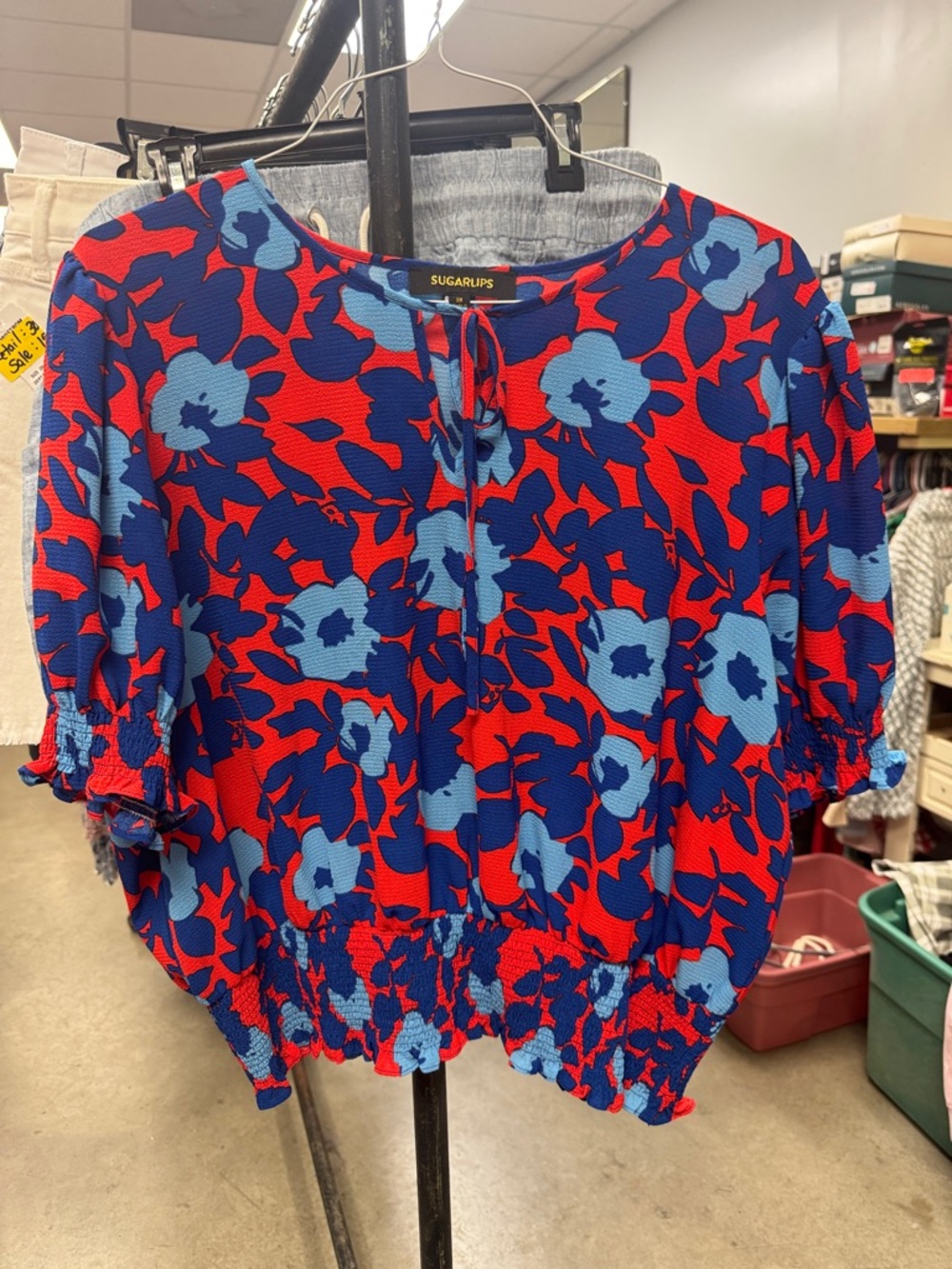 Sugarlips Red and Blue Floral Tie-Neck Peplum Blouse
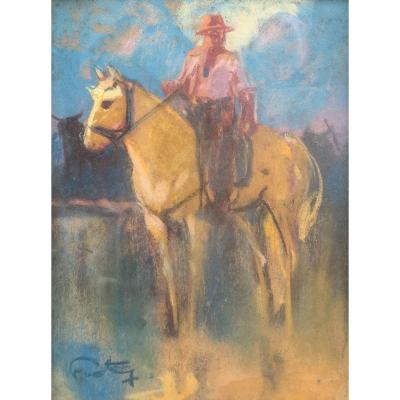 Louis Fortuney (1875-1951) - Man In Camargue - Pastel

++++++++

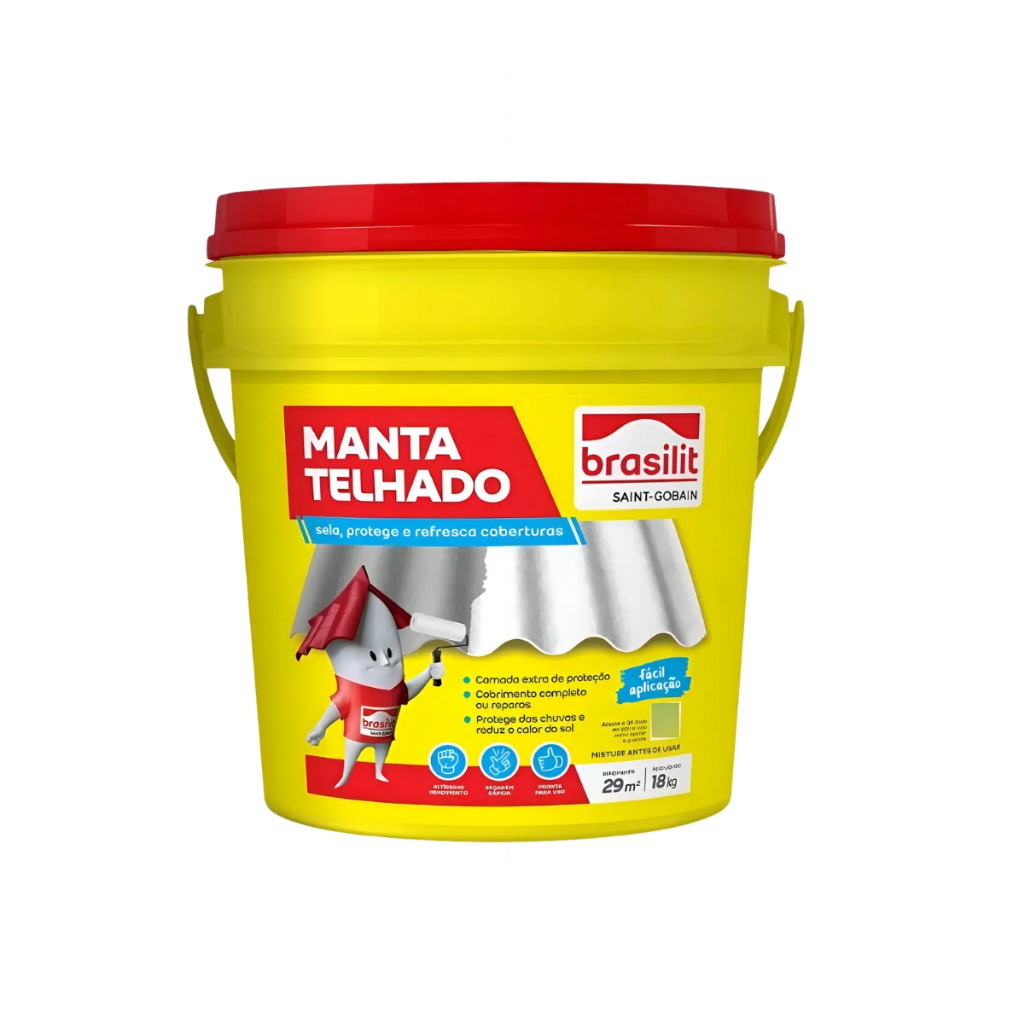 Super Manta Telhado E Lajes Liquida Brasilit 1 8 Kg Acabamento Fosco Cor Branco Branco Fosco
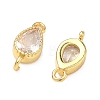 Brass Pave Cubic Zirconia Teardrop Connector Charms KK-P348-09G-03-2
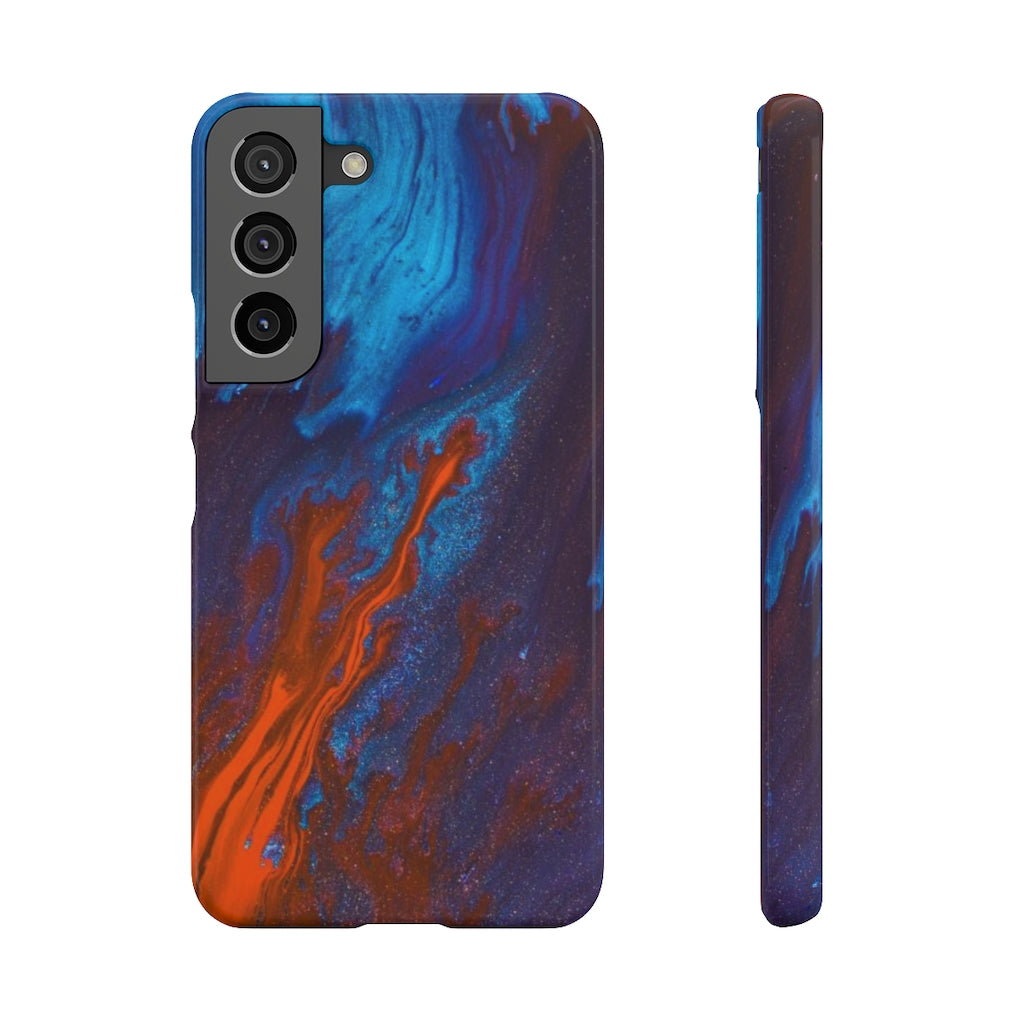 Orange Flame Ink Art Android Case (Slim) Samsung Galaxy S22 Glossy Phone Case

++++++++

§ **Your assignment**: What's needed is an exact copy of the lines above from the one with "Super Manta Telhado" through the one with "Orange Flame Ink", both included; the pictures stay out.

§ **Response area**:
 Super Manta Telhado E Lajes Liquida Brasilit 1 8 Kg Acabamento Fosco Cor Branco Branco Fosco
 Brass Pave Cubic Zirconia Teardrop Connector Charms KK-P348-09G-03-2
 Orange Flame Ink Art Android Case (Slim) Samsung Galaxy S22 Glossy Phone Case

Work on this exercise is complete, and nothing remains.